I like spinach.

Plowing through the copy of Damian Conway's "Perl Best Practices" I got at OSCON, I've been pleased to find that nearly all of the recommendations are both healthy and palatable. In places where my code doesn't adhere, I can generally see the advantages of what he advocates, and I'll be willing to adapt for both my own good and the sake of convergence. Mmmm, spinach!

There is one section, though, that I'm having a lot of trouble getting down: the recommended naming conventions for variables, specifically for references and hashes. Damian advocates tacking '_ref' onto the end of any scalar that contains a reference...

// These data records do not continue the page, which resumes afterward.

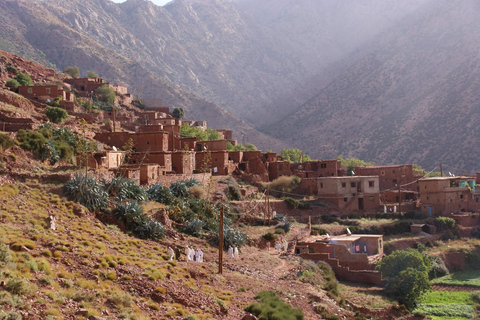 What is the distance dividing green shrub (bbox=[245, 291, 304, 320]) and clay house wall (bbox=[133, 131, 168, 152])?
21.0m

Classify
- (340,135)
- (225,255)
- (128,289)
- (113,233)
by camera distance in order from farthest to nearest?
(340,135) → (225,255) → (113,233) → (128,289)

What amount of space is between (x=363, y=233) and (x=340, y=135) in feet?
199

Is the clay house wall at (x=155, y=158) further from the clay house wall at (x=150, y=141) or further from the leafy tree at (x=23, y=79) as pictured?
the leafy tree at (x=23, y=79)

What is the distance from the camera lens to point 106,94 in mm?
58938

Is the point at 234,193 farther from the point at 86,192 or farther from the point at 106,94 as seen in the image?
the point at 106,94

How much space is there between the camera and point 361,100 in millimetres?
103312

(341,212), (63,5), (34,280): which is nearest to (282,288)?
(34,280)

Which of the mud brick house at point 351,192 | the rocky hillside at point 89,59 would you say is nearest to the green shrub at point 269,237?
the mud brick house at point 351,192

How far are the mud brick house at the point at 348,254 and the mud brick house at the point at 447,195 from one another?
10508mm

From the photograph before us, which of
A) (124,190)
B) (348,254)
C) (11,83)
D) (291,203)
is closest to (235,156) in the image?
(291,203)

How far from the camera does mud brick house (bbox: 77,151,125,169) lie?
2977 centimetres

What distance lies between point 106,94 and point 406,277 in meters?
40.1

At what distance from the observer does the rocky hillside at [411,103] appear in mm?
81500

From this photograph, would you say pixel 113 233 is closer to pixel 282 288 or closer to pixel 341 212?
pixel 282 288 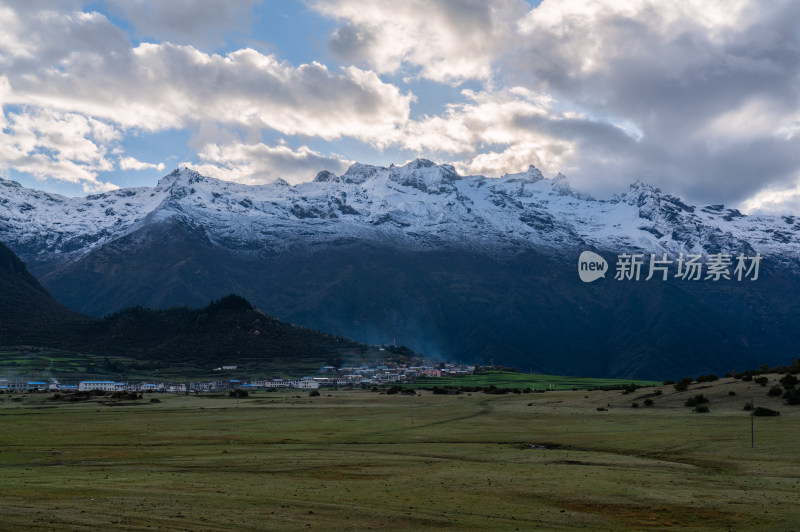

... The primary rationale for this is that if you use $vegetables_ref->{spinach} instead of $vegetables->{spinach}, there's no chance that if you accidentally leave off the dereferencing arrow you will access a %vegetables array that happens to exist in the same scope: $vegetables{spinach}

However, it seems to be accepted wisdom that having scalars, arrays, hashes, etc in the same scope with the same identifier is a really bad idea. I don't append _ref to my reference variables and yet I cannot recall ever having encountered the problem he describes, because I never count on the sigil alone to differentiate program elements. Of course I leave off the dereferencing arrow all the time, but that's a fatal compile-time error that is trivial to debug.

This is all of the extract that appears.